The 31-year-old (pictured above) was said to have been a victim of the "climate of unrecognised discrimination amongst middle management".

Ms Martins, from Wandsworth, south-west London, applied for a job as a trainee buyer after nearly five years' experience as an assistant fashion buyer.

However, the court was told that this background had been dismissed by the M&S interviewers as being with a "relatively indistinguished fashion outlet": Ms Martins had been working for Woolworth's.

Ms Martins' barrister, Ian MacDonald QC, said she had complained to an industrial tribunal which ruled there had been racial discrimination, awarding her pounds 3,000 for injury to her feelings and giving her leave to apply for compensation for other losses.

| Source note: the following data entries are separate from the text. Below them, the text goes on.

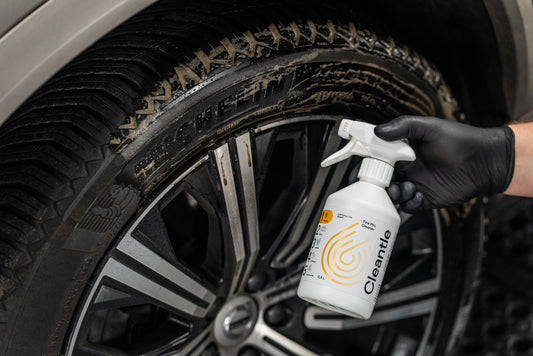 タイヤプロクリーナー(汎用性ゴム洗浄剤)500ml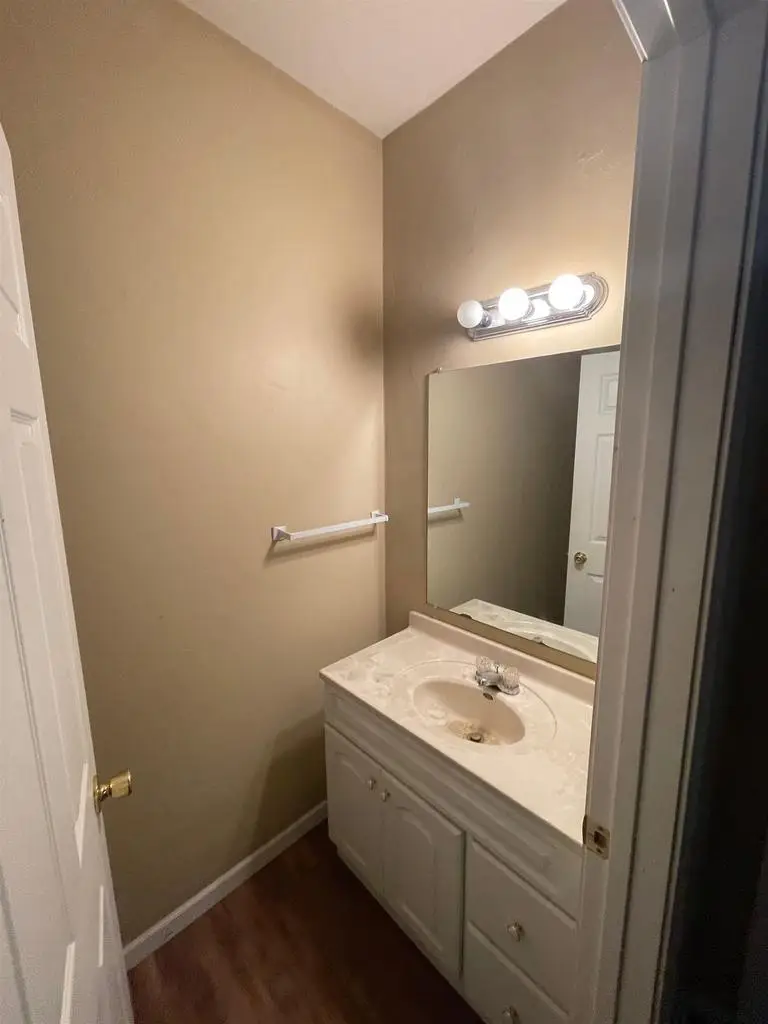 1211 E WALNUT STREET, Green Bay, WI 54301 - #3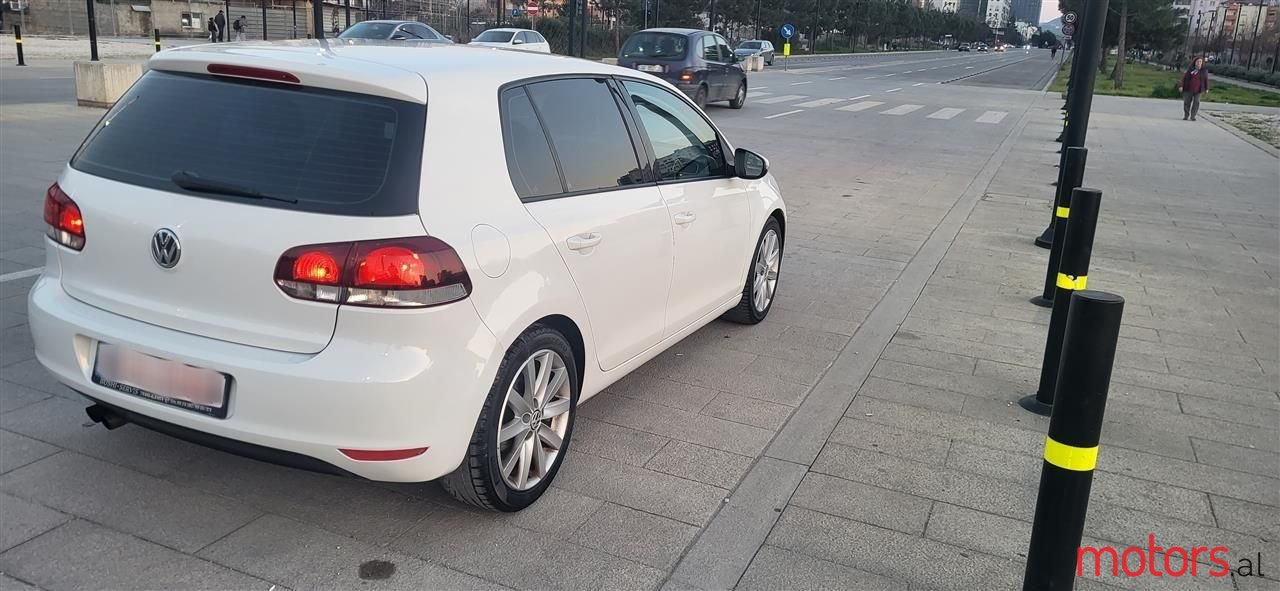 2009' Volkswagen Golf photo #3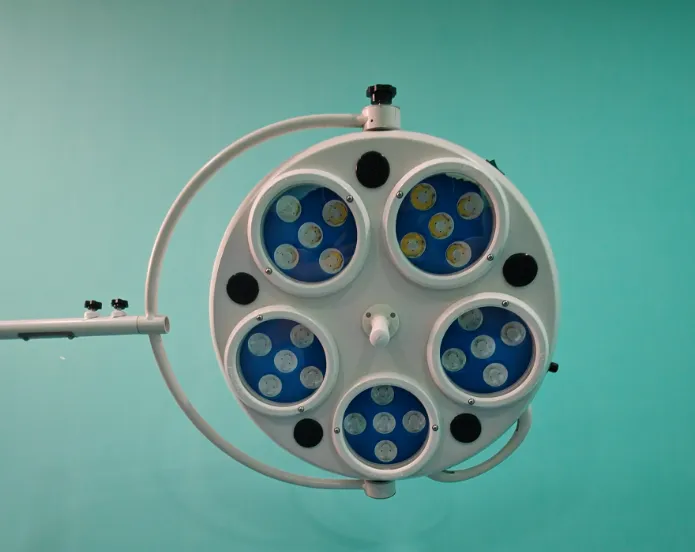surgical lights manufacturer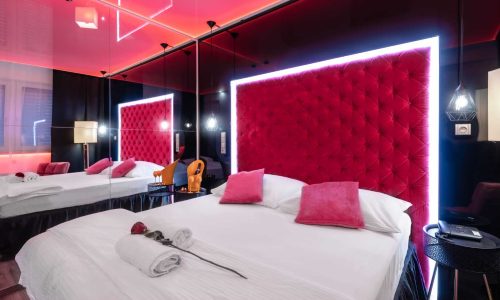 2022-Pink panther (3) (Velký)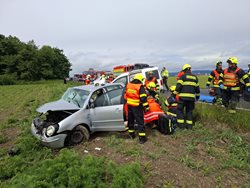 Tragická nehoda: Pět zraněných dětí, řidičku vyprostili hasiči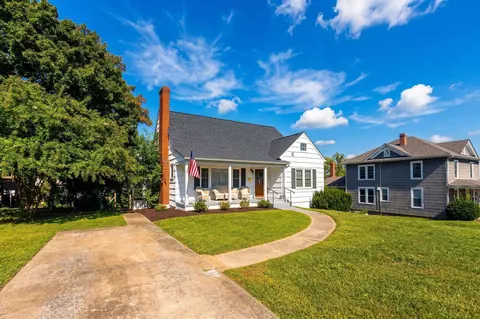 Exterior - 415 Cherry Ave, Waynesboro, VA 22980 photo 12 of 13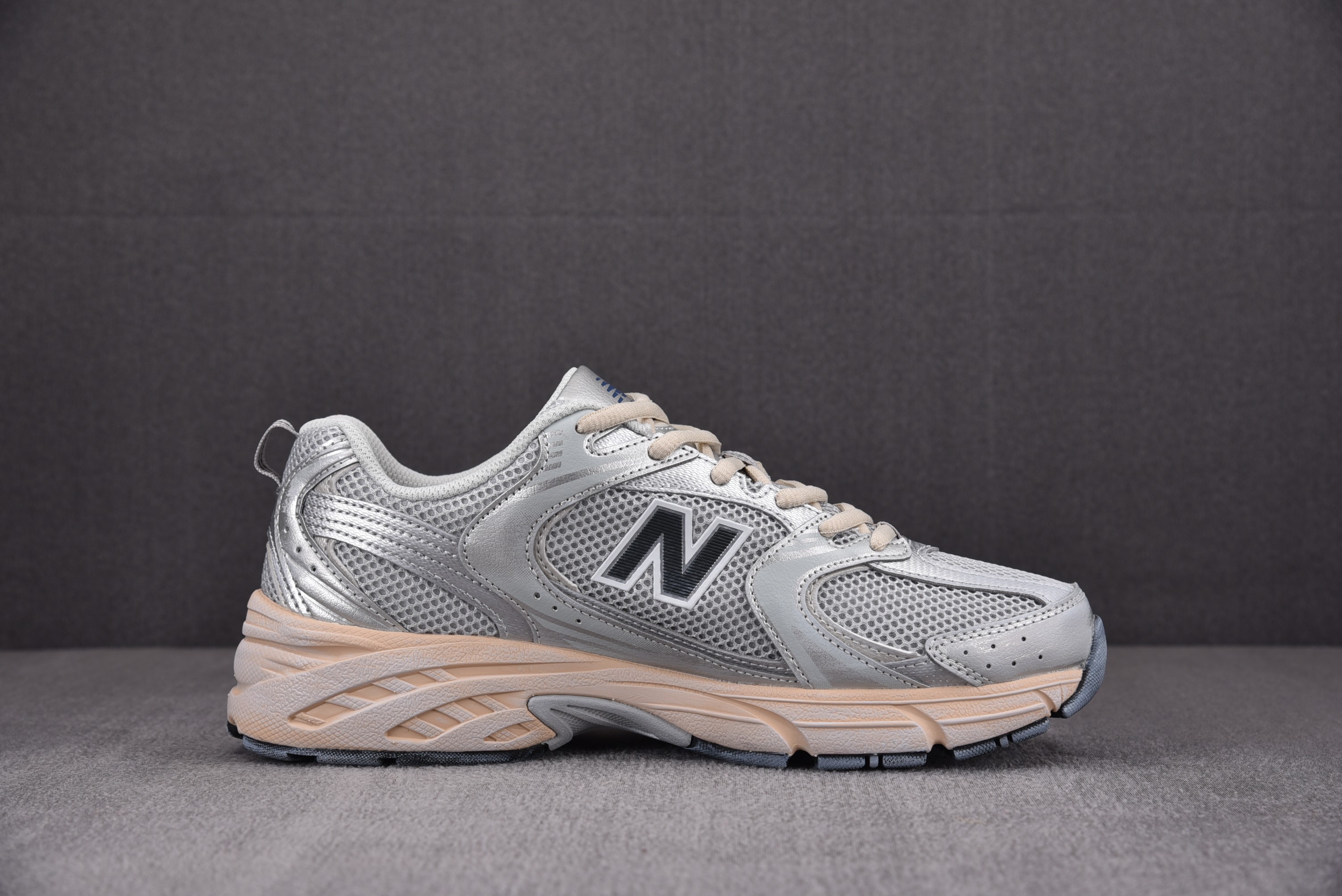New Balance 530 Silver Metallic Moonbeam
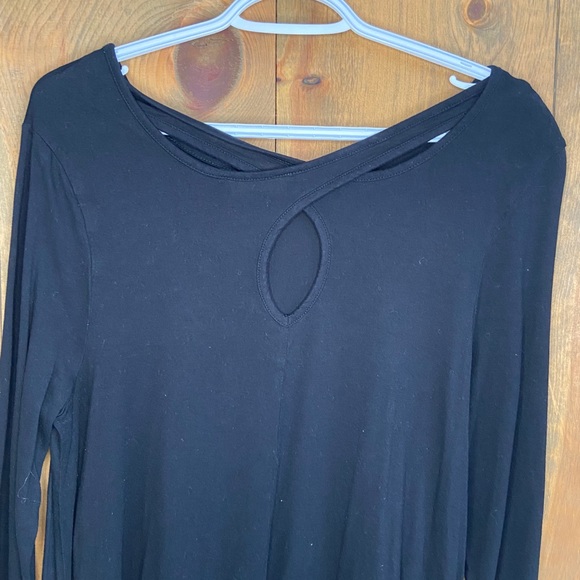 Cross/Keyhole detail swing dress - Picture 3 of 4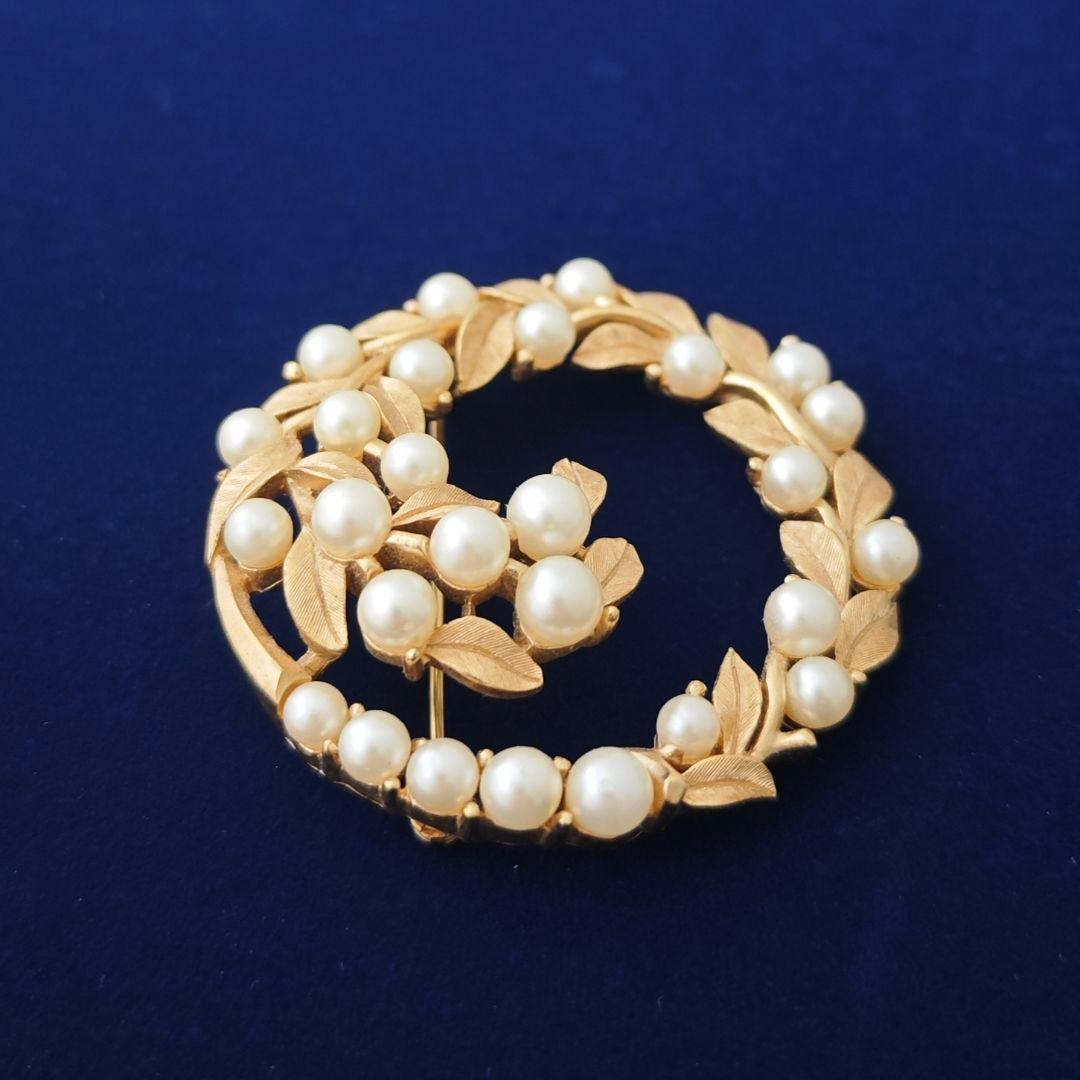 ヴィンテージtrifari パール＆リーフ　リースブローチ　crownトリファリ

The panel said she did not get the job because of her ethnic origin and that although the company had taken steps to counter the perception of it as "a white middle class organisation", it had had little impact on the staff's ethnic mix. There was said to be have been a "climate of unrecognised discrimination amongst middle management".

In May last year an Employment Appeal Tribunal ruled that the initial tribunal's findings had been "perverse" and said M&S had taken reasonable steps to get rid of racial discrimination.

The store says Ms Martins, who is trying to overturn the EAT's decision, was not chosen for the job because of her poor performance at the interview.

The hearing was adjourned until tomorrow.